Film reviews: The First Slam Dunk | Passages | Cobweb | Mercy Falls

Telling the story of an underachieving high school basketball team taking on their undefeated rivals, Takehiko Inoue’s animé The First Slam Dunk plugs us into the interior lives of the players by filtering all the usual off-court drama through the action of a single game, writes Alistair Harkness
The First Slam DunkThe First Slam Dunk
The First Slam Dunk

The First Slam Dunk (12A) ****

Passages (18) ****

Cobweb (15) **

Mercy Falls (15) *

Sports movies thrive on clichés. It’s why the genre proves so durable, even for those agnostic about the sport in question, or sports in general. Good sports movie, though, often find ways to slyly disrupt their relatable triumph-over-adversity narratives.
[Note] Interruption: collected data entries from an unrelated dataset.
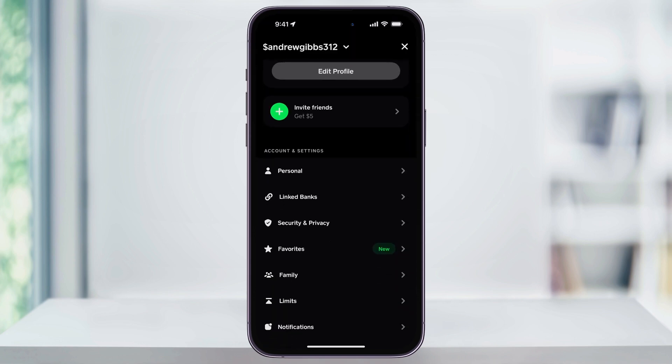Once you're inside, down a little bit inside of the account and settings menu, you'll see linked banks. Choose this.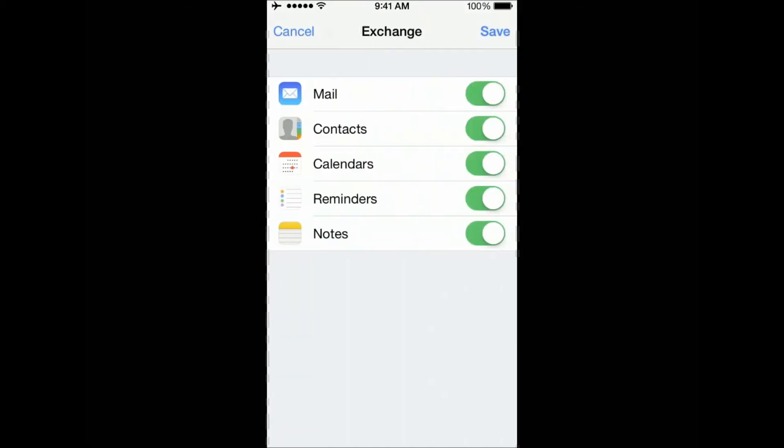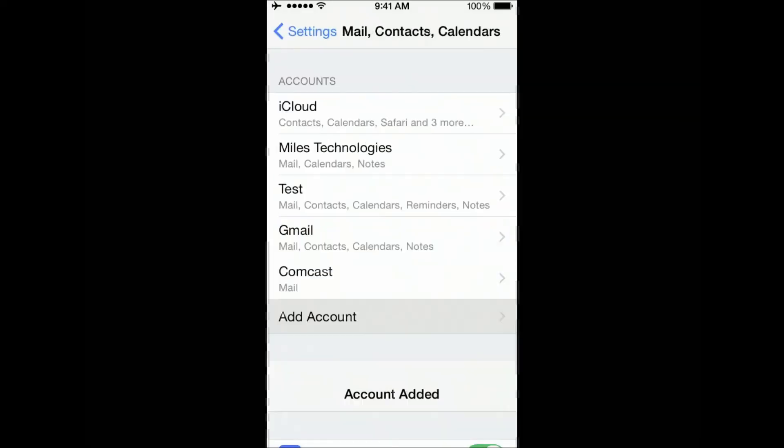Choose your settings, depending on what you'd like to have synced. At this point, you've now added your account.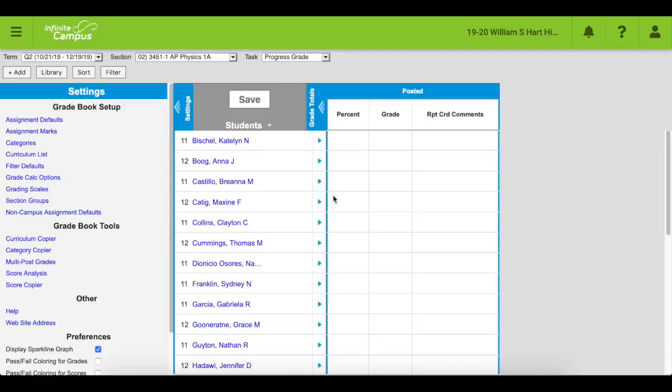In this video, we're going to talk about how to add an assignment to the gradebook. It sounds a little silly to go through this step-by-step to those of us who have been using Infinite Campus for years, but honestly, I think we've all made the mistake of adding an assignment to the wrong place.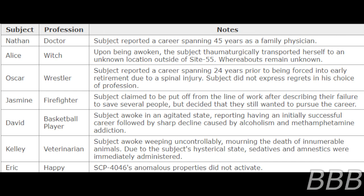Kelly - Veterinarian: Subject awoke weeping uncontrollably, mourning the death of innumerable animals. Due to the subject's hysterical state, sedatives and amnestics were immediately administered.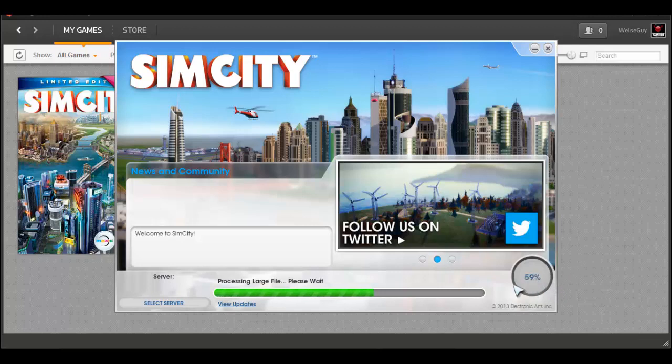We're at 60% right now, downloading all the latest patches, and definitely looking forward to playing this game a lot. I'm going to do a lot of recording in-game. Oh wow, just jumped up, looks like that green bar just jumped.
That’s certainly the case with animé hit The First Slam Dunk, a basketball drama about a rag-tag high school team taking on their undefeated rivals in an everything-to-play-for final.

Adapted by Takehiko Inoue from his own early-1990s manga series, the film may not be covering new ground thematically, but Inoue does take the novel step of dispensing with any build-up and filtering all the usual off-court drama through the action of a single championship game. Dramatically speaking it’s a welcome assist. Not only does it keep the film moving by capitalising on basketball’s end-to-end action and every-second-counts tension (vividly rendered using a mix of animation styles), it also plugs us more directly into the interior lives of the players as their respective demons manifest themselves in the moves they make during game time.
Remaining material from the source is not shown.